HALK SEKTÖRÜ oluşunca Cumhuriyet'in ilk KÖY İŞLERİ BAKANLIĞI kuruldu ve halkın bir sektör olduğu, ekonomik bir güç meydana getirdiği söylenmeye başlandı. İlk Köy İşleri Bakanı olan CHP'li Lebit Yurdoğlu da Bakanlığının kuruluşunu anlatmak, halkı dinlemek için yurt gezisine çıkmış o vesileyle de Trakya illerini ziyaret ediyor, halkla toplantılar yapıyordu. Ben de gazeteciler grubu içinde Cumhuriyet Gazetesi Temsilcisi olarak kendilerini takip ediyordum. Kırklareli'ne geldiğinde en son KARAHALİL Köyünü ziyaret etmiş, geceyi de orada geçirmişti. Galiba Cumhuriyet tarihinde KÖYDE YATAN İLK BAKAN oluyordu. Ertesi gün rahmetli Lebit Yurdoğlu Kırklareli Halk Eğitim Merkezi ( Eski Belediye) binasında bir basın toplantısı yaptı ve izlenimlerini ayrıntılarına varıncaya kadar anlattı ve sonunda dedi ki "HALK ÇOK BORÇLU. HALKI EKONOMİK BİR SEKTÖR OLARAK GÖRMEK İÇİN ONU BORÇTAN KURTARMAK GEREKİR." Böylece halkın, köylünün ekonomik bir sektör olamayacağı anlaşıldı.
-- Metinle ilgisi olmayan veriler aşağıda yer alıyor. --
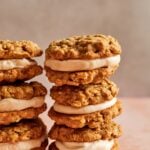 Two stacks of gluten free pumpkin oatmeal cream pies with a creamy brown butter filling in the middle.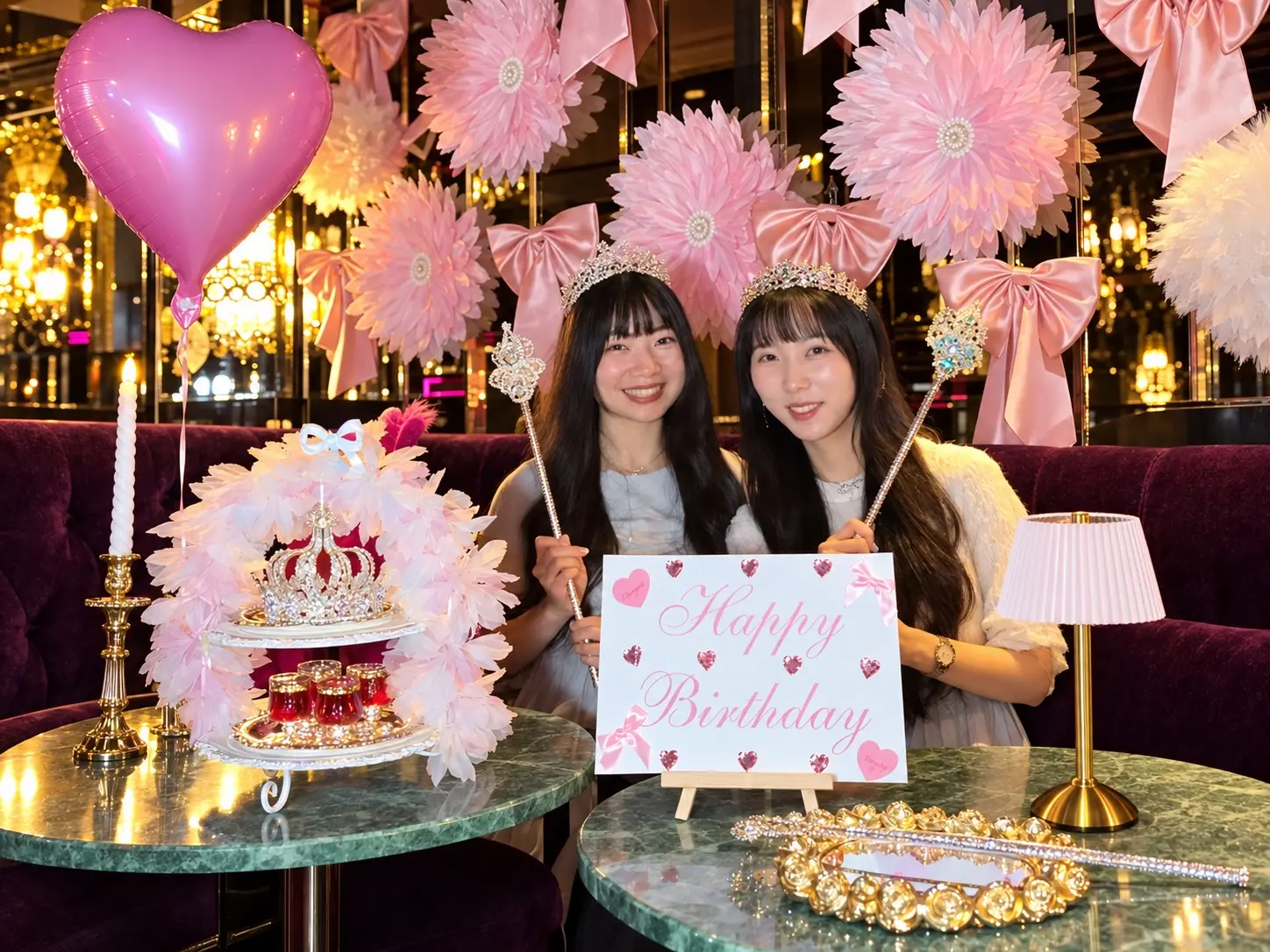 兩位女生在 Salud Taipei 粉紅蝴蝶結夢幻包廂戴皇冠與女王權杖慶生，桌上有雙層蕾絲生日盤與愛心氣球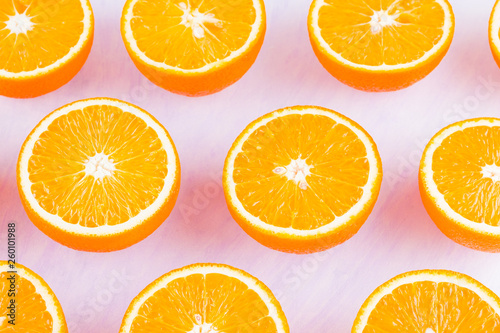 Background of oranges fruits. Many halves of fresh oranges  top view. Citrus for making juice. A lot of sliced oranges on a white background. Concept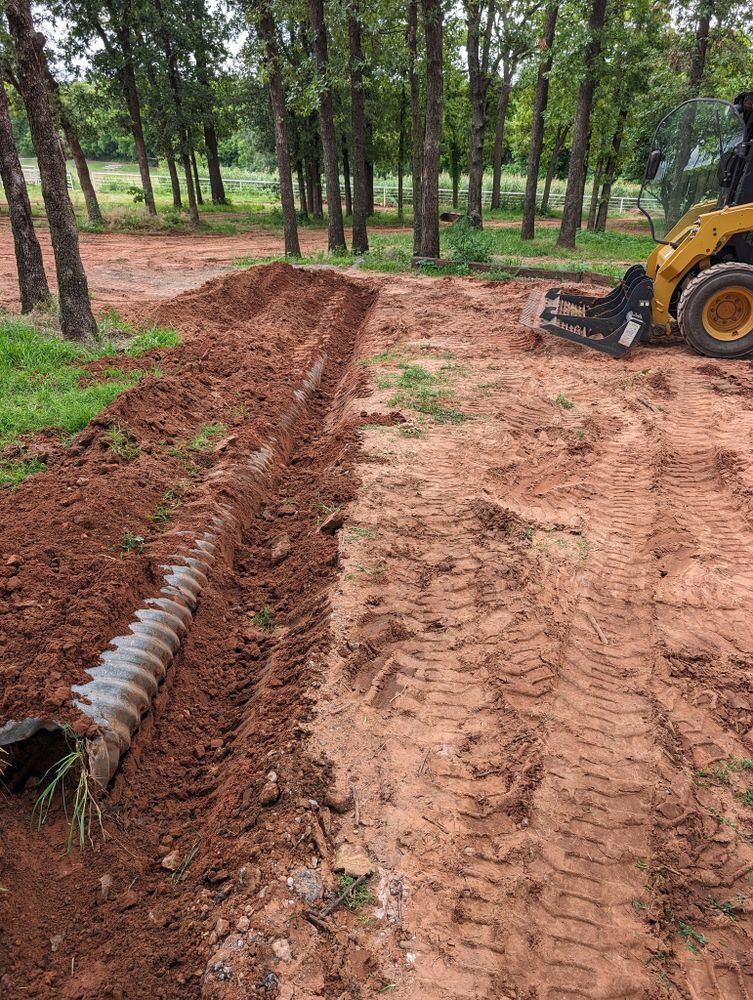 Our Sewer & Water Lines service ensures reliable installation and repair, using advanced techniques to maintain seamless water flow and prevent costly plumbing issues for your home’s safety and efficiency. for Nathan Foyil Bobcat Work in Guthrie, OK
Türk köyünü ve köylüsünü canlandırıp kalkındırmayı ilk kez düşünen MUSTAFA KEMAL ATATÜRK olmuştur. Bunu en uç köşelere kadar eğitimi götürmek suretiyle yapacağını, yapılması gerektiğini söylemiştir. Köy Enstitülerinin kurucularından İsmail Hakkı Tonguç da bu eğitimin, köyü canlandıracak, kalkındıracak eğitimin kitabını yazmıştır. Çetin Altan'da Gazeteci Yazar olarak konuya daha geniş açıdan bakmış ve bir yazısında "TÜRKLER NEDEN HEP KÖYLÜ KALDI?" Diye sormuştur. "Anadolu'ya geldiklerinde de köylüydüler ve bugün de köylüdürler" demiştir. Süleyman Demirel bu olayın köküne inerek, "ÇALIŞAN NÜFUSUN YÜZDE ELLİYE YAKINI TARIMDA KALMIŞSA-ORASI FUKARALIKTAN KURTULAMAZ" diyerek noktayı koymuştur.
Bir bilim ve kültür insanı olan Ziya Gökalp "KÖYDE MEDENİYET YOKTUR" diyerek köyün, köyde yaşayanın gerçeğini dile getirmiştir. Bu bağlamda şu anlaşılıyor ki Türkiye'nin gerçeklerine uygun bir EĞİTİM PROJESİNİ Köy Enstitüleri Çizgisi'nde oluşturmak zorunluluğu vardır. İnsanımızı güçlü bir eğitimin değiştireceğine inanmamız gerekir. Çevre değişiyor, insanımız değişiyor. Görülüyor ki yüz yıllık Cumhuriyet Eğitimi insanımızın yönünü ve yörüngesini değiştirmeye yetmemiştir. O takdirde bir şeyler yapmak, köyü, köylüyü eğitimli hale getirmek gerekir.
Aslında yalnız kırsal kesimi değil, tüm kesimlere bir HALK EĞİTİMİ programı uygulamak icap eder.